System Recovery / System Restore

Hello and welcome back to another exciting and fun filled edition of The Weekly Geek. In this weeks edition we are going to go over Microsoft Windows built in self healing options.

The first and most widely known is available in Windows ME and XP only, it is the “System Restore” feature.

Periodically the computer takes a snapshot of your hard drive, if you have a problem you can pick a restore point that was taken before the problem occurred and bingo, you are back in business. The beauty of this option is that you can also manually create a restore point. If you are going to make hardware or software changes it is recommended that you create a restore point. Regardless of the situation, let’s go ahead and create a restore point and see how to recover (restore) your system.

First backup all of your personal data (documents, files, spreadsheets, email and the such).
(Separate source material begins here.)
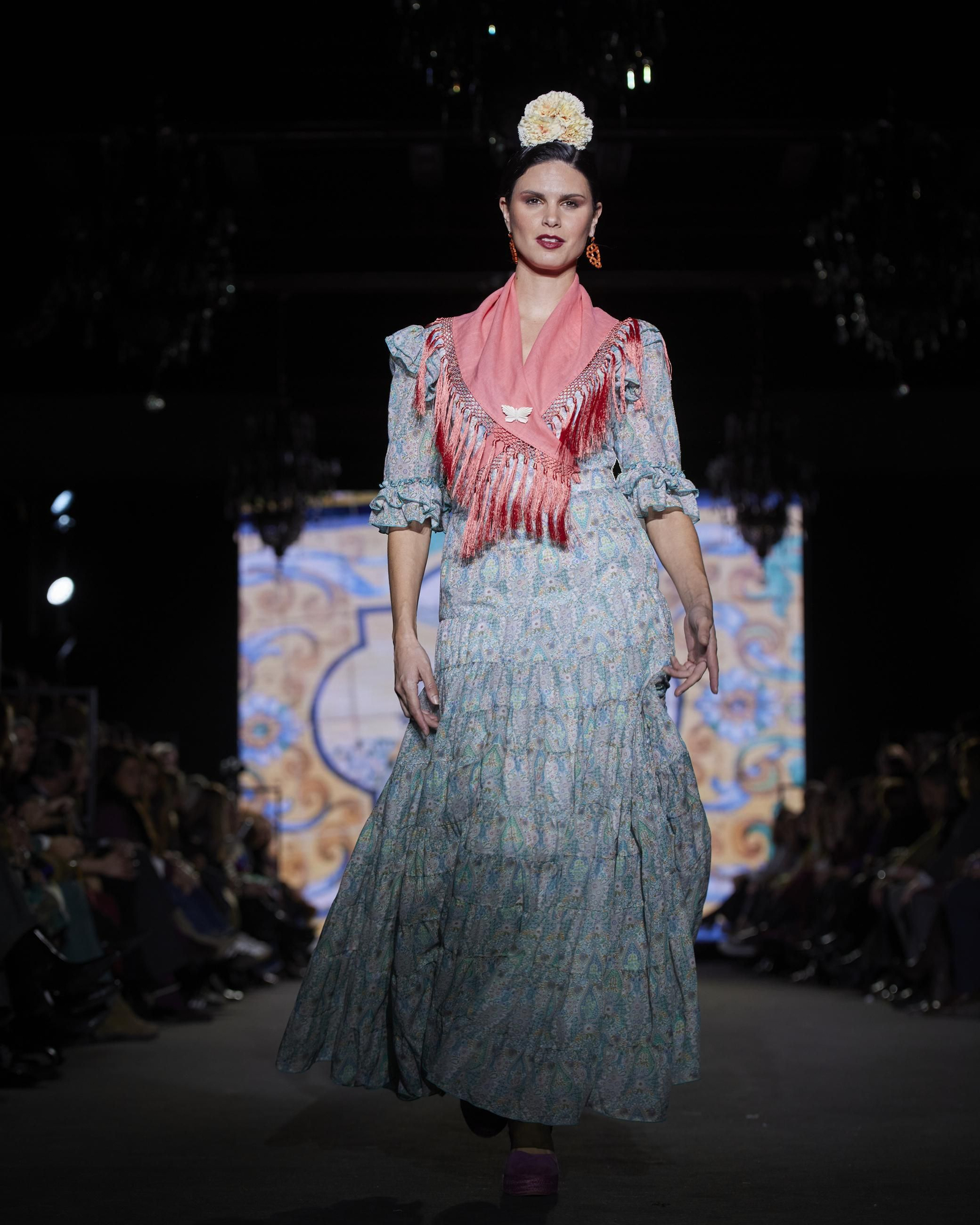 El desfile de la Hermandad del Rocío de Triana en We Love Flamenco 2025, todas las fotos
Now, go to “Start | (All) Programs | Accessories | System Tools | System Restore”.

Click on the circle (radio button) “Create A Restore Point” then select “Next”.

You will need to enter a restore point name, I use the date (121203 for December 12th 2003) but you can use what is best for your memory and situation.

Next you will need to click on “Create” and then “Close”. That is all there is to it.

To restore from a point you have a couple of options.

If Windows is working at least partially go to “Start | (All) Programs | Accessories | System Tools | System Restore”

Next, click on the button “Restore My Computer to an Earlier Time” and then select “Next”.

A calendar will appear and many of the days (numbers) will be in bold, this is where at least one restore point has been created.

Click on the desired day (you can use the arrows on either side of the month to move to a different month) and if multiple restore points were created, click on the name of the one you wish to use the list next to the date.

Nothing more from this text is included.